When I went to Kenya and Costa Rica for my Junior year abroad, we wrote. I wanted him to write back, but I did not really expect it. He wrote at least twice, which was good for Gautam. When I got back, we had not had time to call and check in on each other when he saw me across the lawn and yelled, "Coleen Stevens you Rasta blaster." Long before I decided to stop processing my hair and wear dreads he was calling me a Rasta. He must have seen it coming. At other times he would yell, "Coleen, you bloodcloth," as a greeting. I was thoroughly amused, but would look around just to be certain there was no other Caribbean person in the vicinity that would hear him. He would give me that smirk of his and laugh, because he knew what I was doing. Then I would say to him, "Shhh Gautam, you know that’s a bad word. I know I
use it liberally around you, but you mustn’t yell it out in public like that." It would only make him laugh more. He would slap me on the back and just say: "Oh, Coleen. You know I love you."

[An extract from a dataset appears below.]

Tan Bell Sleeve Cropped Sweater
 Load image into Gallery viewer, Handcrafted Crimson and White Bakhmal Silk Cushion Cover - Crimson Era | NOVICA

Gautam possessed an elastic mind and an embracing persona. We connected as much as we did because he was very accepting and non-judgmental . In many ways, I both admired and envied him all that and his laid-back approach to life. While he would just talk things as they came and live in the moment. I was the consummate planner. A part of me wanted to approach the world as he did.

Gautam was like a brother. A special one. He was in a category by himself. There were times when we had not talked for weeks, but I would feel his presence so intensely, that I knew he was in town or that I would hear from him. It was Gautam who made me aware of what I now refer to as the witch in me. With us every subject was open. We knew when the other was happy, depressed, confused, had relationship troubles. You name it. Our twenties were difficult times of trying to find ourselves and figure our which path to
take. In all this, we knew we could count on each other to be completely real, even if it sometimes hurt.

We are celebrating Gautam’s life. In continuing with the honesty of our friendship, I cannot help but share with his spirit that I wish the last eighteen months had been different. Soon after I had my second child, sleep deprived and grumpy, we spoke briefly. Before I knew it, consumed with being
a new mother, almost a year had passed, and we had not spoken. Gautam was one of the first people I talked to when my first baby died, and I remember how safe I felt sharing with him, all that I had gone through, how painful it was. He listened, did not offer any platitudes and gave me great comfort. Gautam, you have taught me so much.

My own child four years ago. Having experienced the death of a child, having a living child now, being a mother myself, I ache for his mother and his father … his sisters. I can appreciate the depth of their pain. Even as we celebrate Gautam’s life, the joy he brought to so many of us, his passion, his intensity, his zest for life, everything about him … in celebration who he was, I am also trying to accept that he is no more. I will miss you Gautam Sundaram, but I also know that you are with me, with us, always.